Herders suspects in shooting of conservationist
nairobi, kenya» Italian-born author and conservationist Kuki Gallmann was shot at her Kenyan ranch and airlifted to a hospital in Nairobi for treatment after herders invaded in search of pasture to save their animals from drought, officials said Sunday.
Gallmann, known for her best-selling book “I Dreamed of Africa,” which became a movie by the same name starring Kim Basinger, was patrolling the ranch in Laikipia when she was shot in the stomach, local police Chief Ezekiel Chepkowny said.
Gallmann, 73, was in stable condition Sunday night after surgery but had serious injuries.
Gallmann had been with rangers from the Kenya Wildlife Service, assessing damage done to her property Saturday by arsonists who burned down buildings at one of the Laikipia Nature Conservancy’s tourism lodges, said Laikipia Farmers Association chairman Martin Evans.
Richard Constant, the association’s deputy chairman, said suspicion falls on herders from the Pokot community who have invaded Gallmann’s ranch several times. Lodges belonging to Gallmann were burned by the herders last month.
This East African nation is facing a drought that has affected half the country and has been declared a national disaster.
Herders, whose livelihoods depend on their cattle, and large-scale farmers in parts of Kenya’s Rift Valley have been desperately waiting for seasonal rains that were to start last month to ease the drought and conflicts over grazing land in which more than 30 people have died.
Kenya’s military and police have been working to disarm and drive the hundreds of herders and their animals out of ranches they have invaded, but their actions appear to have escalated the violence.

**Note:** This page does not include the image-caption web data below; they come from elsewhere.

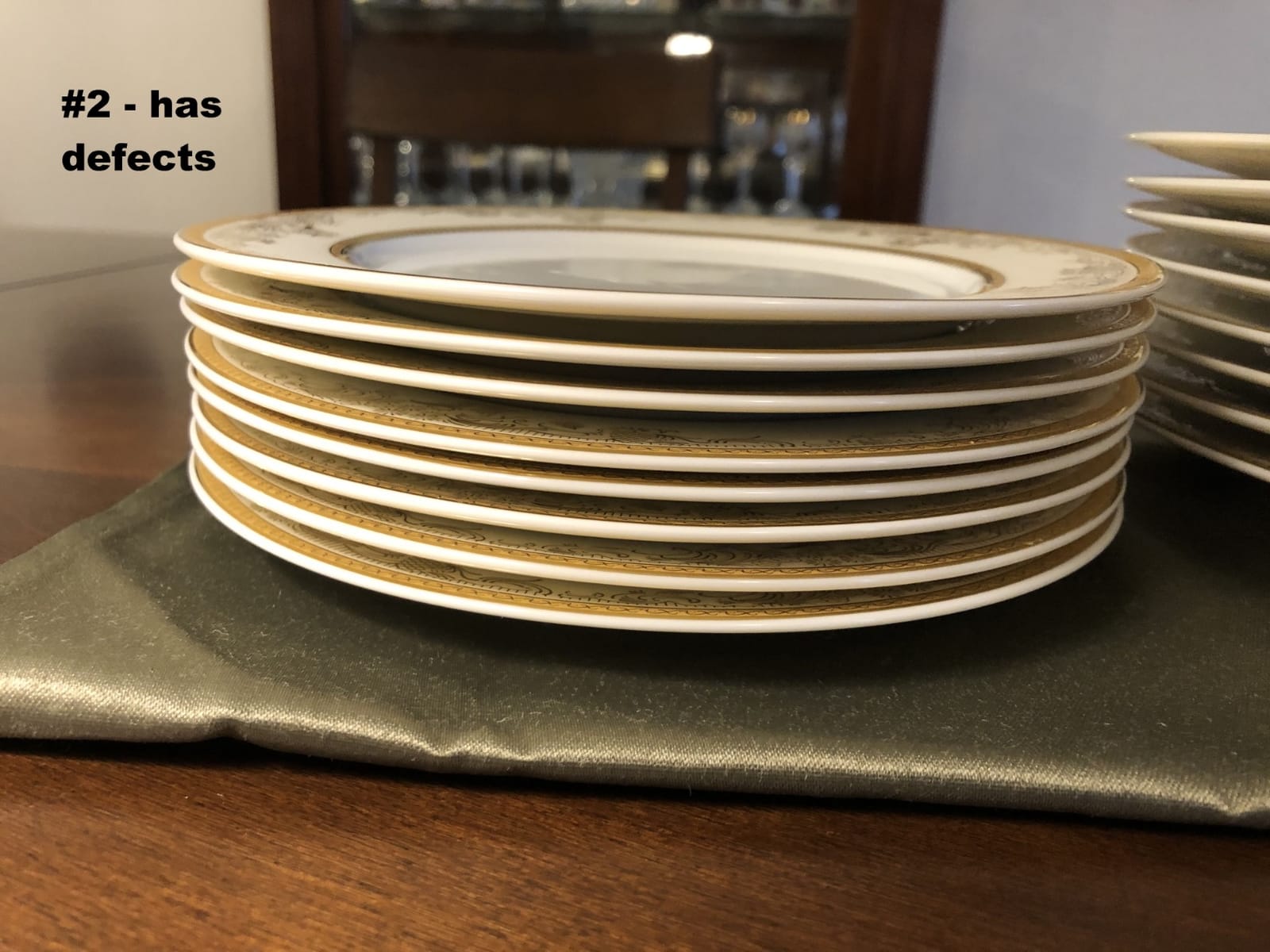 Lorren Home Trends 57 Piece 'Chloe' Bone China Dinnerware Set (Service for 8 People), Gold customer photo 2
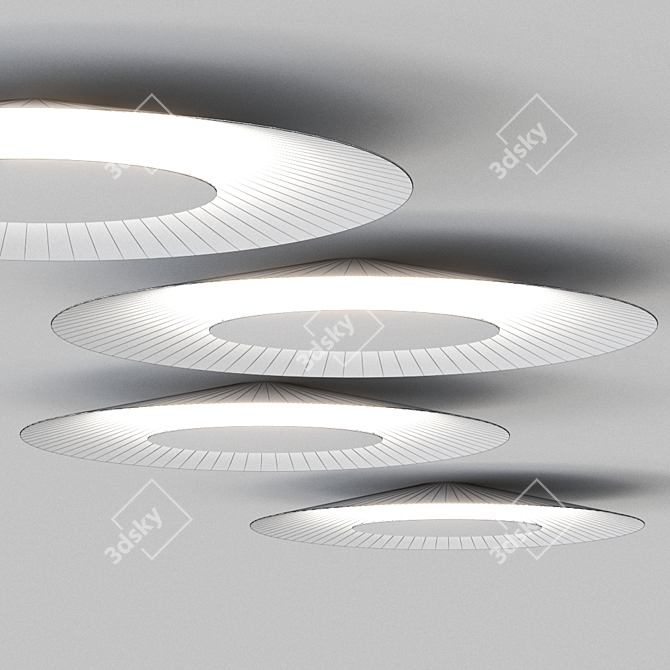 Sleek Conical Ceiling Light 3D model image 2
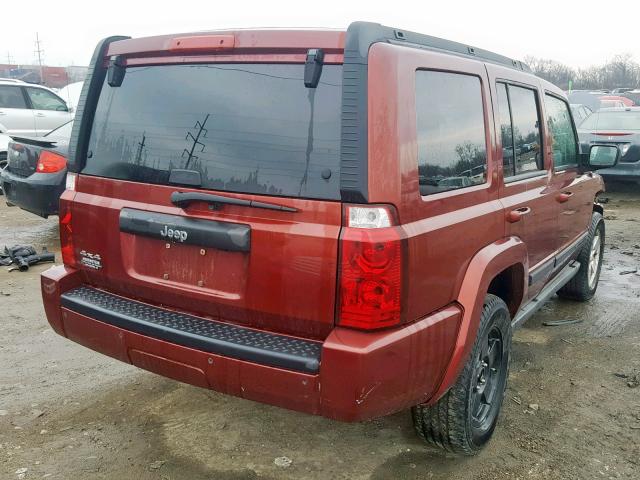 1J8HG48K47C518190 - 2007 JEEP COMMANDER RED photo 4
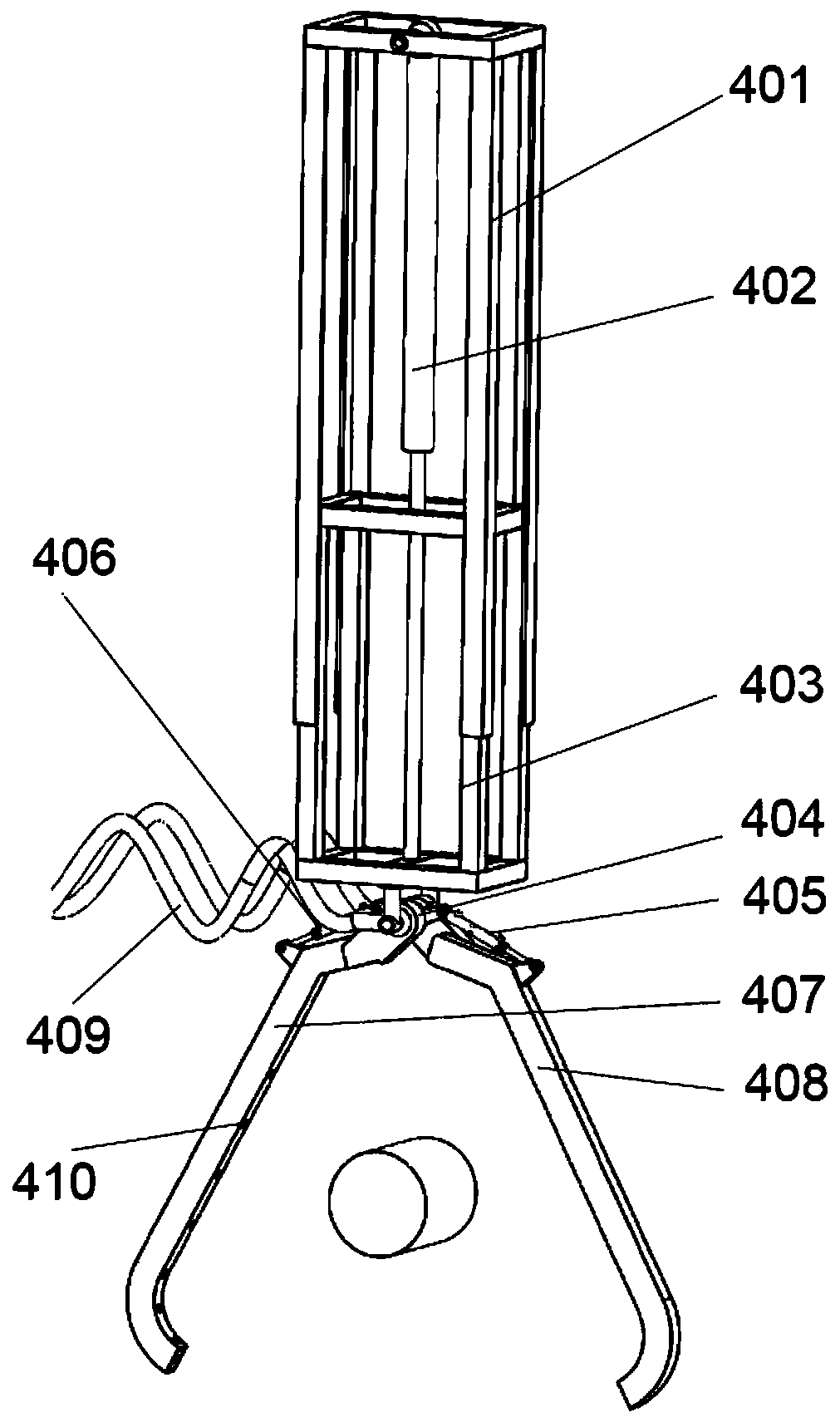 Underwater grabbing type salvaging equipment and method suitable for long-column-shaped equipment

The association has accused politicians campaigning for the August elections of inciting the herders to invade the ranches, saying the owners’ leases have come to an end and that herders can take over the land and distribute it among themselves.
The land invasions started late last year.
Opposition leader and former Prime Minister Raila Odinga said ranch owners deserve protection under the law like all Kenyans.
Many of the ranches, some of which double as wildlife conservancies, were acquired during the period of British colonial rule, some as early as 1900, according to a government report. Others were purchased after Kenya became an independent nation in 1963.